9. Inactivated vaccines
Inactivated or killed viruses by chemical or physical approaches such as
heat and formaldehyde are the alternative vaccine candidates that have
been utilized to combat influenza, hepatitis A virus (HAV) and polio
(IPV) [91, 92]. In this approach, viral particles no longer have the
ability to reproduce and pathogenicity, although intact viral antigens
with natural conformational structures are provided to induce antibody
responses (Fig. 2) (Table 3).
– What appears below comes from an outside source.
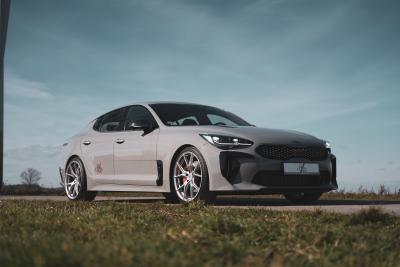 Barracuda meets Giacuzzo: Inferno-Felgen am veredelten Kia Stinger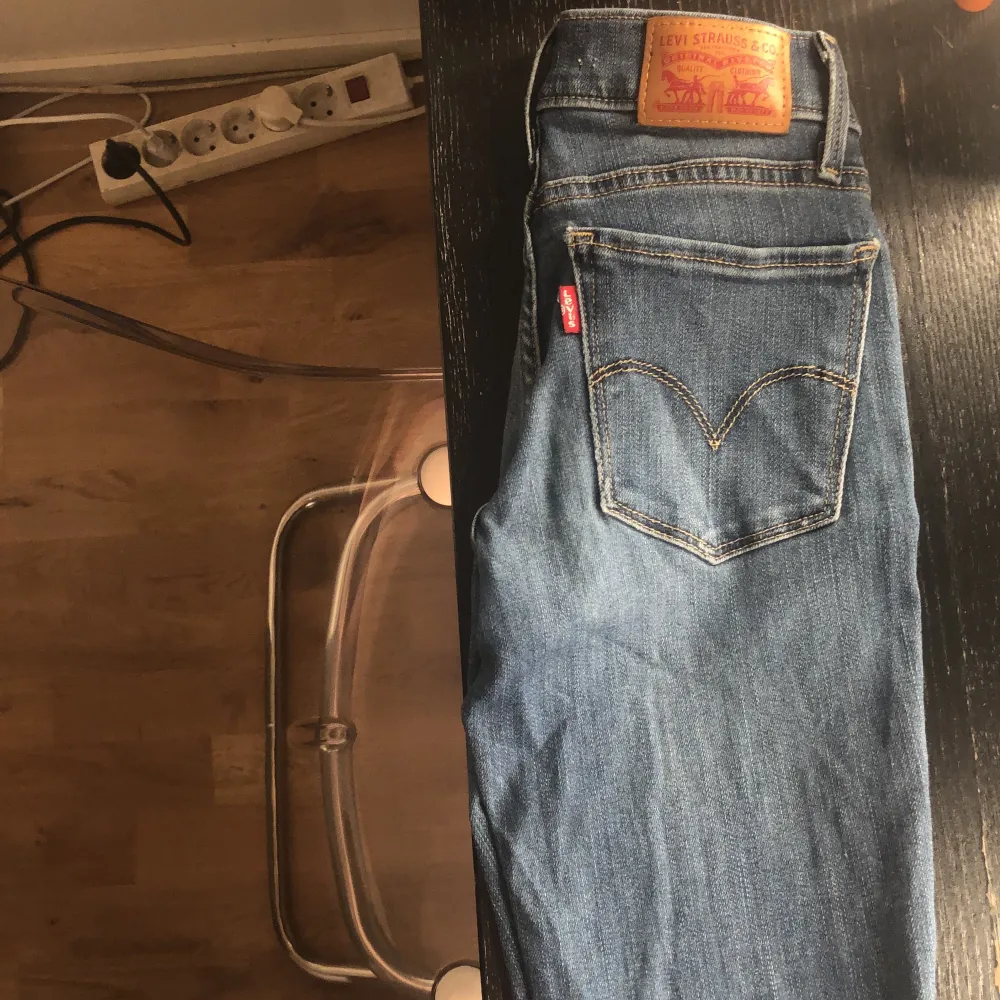 Säljer mina Levis jeans som är i väldigt bra skick i storlek 23. Hör av dig om du är intreserad eller vill se fler bilder!🤍 orginal pris: 1200kr. Jeans & Byxor.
Unlike live attenuated vaccines, there is
no safety concern about the return of pathogenic species in killed
vaccines [93, 94]. At present, nine progressive clinical trials
along with twelve further inactivated SARS-CoV2 vaccine candidates in
preclinical stage are under investigation [52]. BBIBP- CorV is an
inactivated vaccine candidate with aluminium hydroxide adjuvant against
SARS-CoV2 that has been tested by Sinofarm company in China on a wide
range of animal models and fortunately has shown promising results in
inhumane mammals [95].
PiCoVacc is the other inactivated
alum-based SARS-CoV2 vaccine by the Chinese Sinovac Biotech Ltd with
confirmed preclinical outcomes that protects rhesus macaques against
SARS-CoV2 complications [54]. Indeed, vaccination with PiCoVacc
diminished viral RNA load and mitigates anti-S and anti-nucleocapsid
antibodies-related immunopathology [54]. However, inactivated
vaccines are often associated with adjuvants and require repeated doses
to induce protective immune responses [8]. Besides, the use of alum
adjuvant greatly limits the administration of respiratory route of
vaccines, and it is unclear how long intramuscular injections of
BBIBP-CorV and PiCoVacc vaccines
can provide mucosal immunity through the delivery of serum antibodies to
the lungs. Moreover, the cytotoxic CD8+ T cell
responses, which is important for coping with COVID-19, is not well
stimulated after inactivated vaccines [8, 95]. Similar experiences
with respiratory syncytial virus (RSV) and SARS-CoV inactivated vaccines
exhibited disease exacerbation, probably due to the dominance of Th2
response and eosinophil accumulation especially in old patients [96,
97]. The use of BBIBP- CorV and PiCoVacc vaccines did not worsen the
pulmonary side effects in animal models over the course of one week,
although alum stimulates Th2 responses, which makes their use
questionable. Therefore, the use of Th1 stimulant adjuvants such as
modified alum, may alleviate the problem of worsening pulmonary
complications in relation to these vaccines [98]. CoronaVac by
Chinese Sinovac Biotech company is the other leading inactivated vaccine
with alum adjuvant that has started phase III clinical trials in
Indonesia, Brazil and Turkey from July [52]. The BBV152 is a whole
virion inactivated SARS-COV2 vaccine with aluminium hydroxide gel
(Algel) or a novel TLR7/8 agonist adsorbed Algel formulation has shown
promising results in the preclinical phase in mice, rats and rabbits.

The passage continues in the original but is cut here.